Accessory Lacrimal Glands 

  • Pleomorphic adenoma presents as a painless, slow-growing deep eyelid lesion that mimics a chalazion.[43]
  • Oncocytoma also presents as a painless, slow-growing deep eyelid lesion that mimics a chalazion except when on the caruncle, where it appears as a fleshy growth.

Sebaceous Glands

  • A chalazion can present as a deep chalazion in the meibomian glands or a superficial one in the gland of Zeis. It is a painless, slow-growing nodule that may persist for months and become chronic. It can break through the tarsal plate and present as a lesion of the anterior portion of the eyelid. A chalazion of the gland of Zeis is usually located at the eyelid margin.
  • Internal hordeolum (Meibomian gland) presents as a deeper, painful elevated lesion, usually more visible on the conjunctival side of the eyelid. A pus point may be present.[46]
  • Cysts of Zeis develop as a solitary lesion at the base of an eyelash. They are filled with yellow/turbid material and do not transilluminate. 
  • Sebaceous cysts (steatocystoma) develop as solitary lesions, usually at the nasal canthus. They are filled with yellow/turbid material and do not transilluminate. It is of note that sebaceous cysts, epidermal inclusion cysts, and pilar cysts are often confused.
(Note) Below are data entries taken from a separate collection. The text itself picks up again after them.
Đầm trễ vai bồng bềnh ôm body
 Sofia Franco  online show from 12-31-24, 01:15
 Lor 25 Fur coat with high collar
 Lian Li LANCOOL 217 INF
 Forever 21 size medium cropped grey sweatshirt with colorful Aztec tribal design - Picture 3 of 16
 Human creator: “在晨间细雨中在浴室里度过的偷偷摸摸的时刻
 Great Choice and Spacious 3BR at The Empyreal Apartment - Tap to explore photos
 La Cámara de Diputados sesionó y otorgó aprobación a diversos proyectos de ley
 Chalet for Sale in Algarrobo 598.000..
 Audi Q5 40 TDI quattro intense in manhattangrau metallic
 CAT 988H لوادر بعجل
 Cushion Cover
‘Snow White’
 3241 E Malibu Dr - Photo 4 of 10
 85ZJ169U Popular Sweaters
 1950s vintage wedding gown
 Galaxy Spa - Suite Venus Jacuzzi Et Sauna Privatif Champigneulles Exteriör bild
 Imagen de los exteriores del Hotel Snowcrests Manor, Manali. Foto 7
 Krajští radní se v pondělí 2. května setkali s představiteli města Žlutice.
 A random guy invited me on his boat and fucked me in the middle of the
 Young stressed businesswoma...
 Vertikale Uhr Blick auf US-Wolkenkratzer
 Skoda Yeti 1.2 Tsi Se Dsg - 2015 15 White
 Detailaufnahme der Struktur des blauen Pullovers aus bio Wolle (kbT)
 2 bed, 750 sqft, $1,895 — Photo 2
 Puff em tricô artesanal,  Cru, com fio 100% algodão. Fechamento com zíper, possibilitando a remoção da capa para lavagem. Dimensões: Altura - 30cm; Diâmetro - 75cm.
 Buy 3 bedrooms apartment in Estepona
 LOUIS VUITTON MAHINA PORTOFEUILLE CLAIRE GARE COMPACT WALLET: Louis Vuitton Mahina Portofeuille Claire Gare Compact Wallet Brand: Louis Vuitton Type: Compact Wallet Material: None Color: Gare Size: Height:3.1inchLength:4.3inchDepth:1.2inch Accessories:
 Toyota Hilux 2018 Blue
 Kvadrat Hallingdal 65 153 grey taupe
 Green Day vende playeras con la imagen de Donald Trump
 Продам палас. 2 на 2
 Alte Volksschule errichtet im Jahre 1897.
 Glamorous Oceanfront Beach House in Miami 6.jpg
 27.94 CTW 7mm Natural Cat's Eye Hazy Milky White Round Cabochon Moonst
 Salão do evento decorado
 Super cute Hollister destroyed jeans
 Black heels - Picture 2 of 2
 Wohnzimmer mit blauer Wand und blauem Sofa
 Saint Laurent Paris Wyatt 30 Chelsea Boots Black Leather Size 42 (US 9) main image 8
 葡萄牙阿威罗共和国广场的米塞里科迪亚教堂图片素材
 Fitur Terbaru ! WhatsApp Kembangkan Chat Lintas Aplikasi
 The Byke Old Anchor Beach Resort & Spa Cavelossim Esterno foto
The latter two contain keratin and not sebum.[47]
  • Sebaceous gland hyperplasia presents as a yellow, elevated, soft nodule that generally displays umbilication.[48]
  • Sebaceous gland adenoma presents similar to sebaceous gland hyperplasia. Histopathology is used to differentiate hyperplasia from adenoma and carcinoma.

Stromal Lesions

Xanthelasma: Slightly elevated, usually bilateral, yellowish, lightly colored lesion located at the upper or lower medial canthus.[65]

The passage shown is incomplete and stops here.